Я не знаю ни одного серьезного критика, который обиделся на писателя за его художественное произведение. Пелевин и Сорокин топили меня в сортире, закатывали в бочку с нитрокраской, казнили на дыбе в качестве персонажа своих романов и рассказов. И я вполне отдаю себе отчет, что эта их месть имеет более пролонгированный в масштабах большого времени характер, чем мои статьи. Мне и в голову не приходило на них обижаться.
Есть, впрочем, классический пример обиды критика на писателя – это знаменитое письмо Белинского Гоголю. Но оно потому и знаменитое, что пафос его превышает все разумные пределы, все нормы здравого смысла и вообще – всё!
«Вы только отчасти правы, увидав в моей статье рассерженного человека: этот эпитет слишком слаб и нежен для выражения того состояния, в какое привело меня чтение Вашей книги. Но Вы вовсе не правы, приписавши это Вашим, действительно не совсем лестным отзывам о почитателях Вашего таланта. Нет, тут была причина более важная. Оскорбленное чувство самолюбия еще можно перенести, и у меня достало бы ума промолчать об этом предмете, если б все дело заключалось только в нем; но нельзя перенести оскорбленного чувства истины, человеческого достоинства; нельзя умолчать, когда под покровом религии и защитою кнута проповедуют ложь и безнравственность как истину и добродетель».

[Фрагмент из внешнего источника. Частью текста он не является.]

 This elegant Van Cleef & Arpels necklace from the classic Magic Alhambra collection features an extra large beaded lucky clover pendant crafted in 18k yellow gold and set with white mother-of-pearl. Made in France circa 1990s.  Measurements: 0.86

Ну, право же, я от души посмеюсь, если какой-нибудь писатель вдруг напишет обо мне что-то подобное. «Вы лишь отчасти правы, увидев во мне рассерженного человека, этот эпитет слишком слаб и нежен… Но вы совсем не правы, думая, что причиной тому Ваш нелестный отзыв о моем романе. Нет, тут причина более важная. Критику моего романа еще можно перенести, и у меня достало бы ума промолчать о ней. Но, не оценив мой роман, вы проповедуете ложь и безнравственность как истину и добродетель».

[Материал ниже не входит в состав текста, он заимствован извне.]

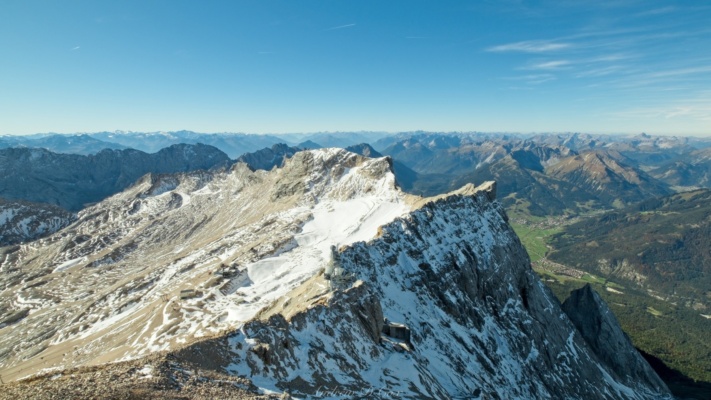 The Austian Alps span the entire horizon... Closer to Zugspitze, the Northern Schneeferner glacier sparkles in the morning sunlight alps south austria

Впрочем, если на досуге предаться занимательному психоанализу, то можно предположить, что критик обижен на писателя как бы вообще, так сказать, пожизненно, в самой глубине души – как недоделанный буратино на хорошенького буратину, даже если дружит с ним. (Точнее пример: две подружки – красивая и некрасивая.) В этой парадигме, несомненно, что-то есть, и я даже готов с ней согласиться. Например, мне не нравится письмо Белинского Гоголю именно потому, что в нем есть что-то от Сальери. Недаром Белинский в целом положительно высказался о пушкинском Сальери и даже написал о нем такую, на мой взгляд, глупость: «Как ум, как сознание, Сальери гораздо выше Моцарта…» При этом Сальери – «талант», а Моцарт – «гений». То есть гений ниже таланта по уму и сознанию. В результате Белинский сам угодил в поставленную ловушку и в своем письме строго отчитал Гоголя за то, что тот сходил на сторону к «мракобесам». Так Моцарт «мог остановиться у трактира и слушать скрыпача слепого». Так некрасивая девочка отчитывает красивую подругу за то, что та спит с кем попало, а могла бы выйти замуж и родить потомство, потому что у нее для этого все природные качества.

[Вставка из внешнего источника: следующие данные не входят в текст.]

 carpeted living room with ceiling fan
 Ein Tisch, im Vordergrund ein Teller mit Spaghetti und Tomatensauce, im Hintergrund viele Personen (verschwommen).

Этот синдром в критиках, причем самого высокого калибра, я иногда замечал. Эдакое моральное негодование на то, что любимый писатель «свернул не туда», так сказать, изменил своему предназначению и – о боже! – испортил свою репутацию.
«Ты, Моцарт, недостоин сам себя!»
И поди разберись, чего тут больше – праведного морального гнева или затаенного комплекса собственной ущемленности и неполноценности, который и пожирает Сальери изнутри. Я знаю, что нужно делать, но не знаю как, а ты умеешь это делать, а ведешь себя неправильно. Всего-то и надо на секундочку задуматься: может, Моцарт не такой уж и дурак, может, его стеб о «скрыпаче» – это то, что Ницше определял как «всё глубокое любит маску»?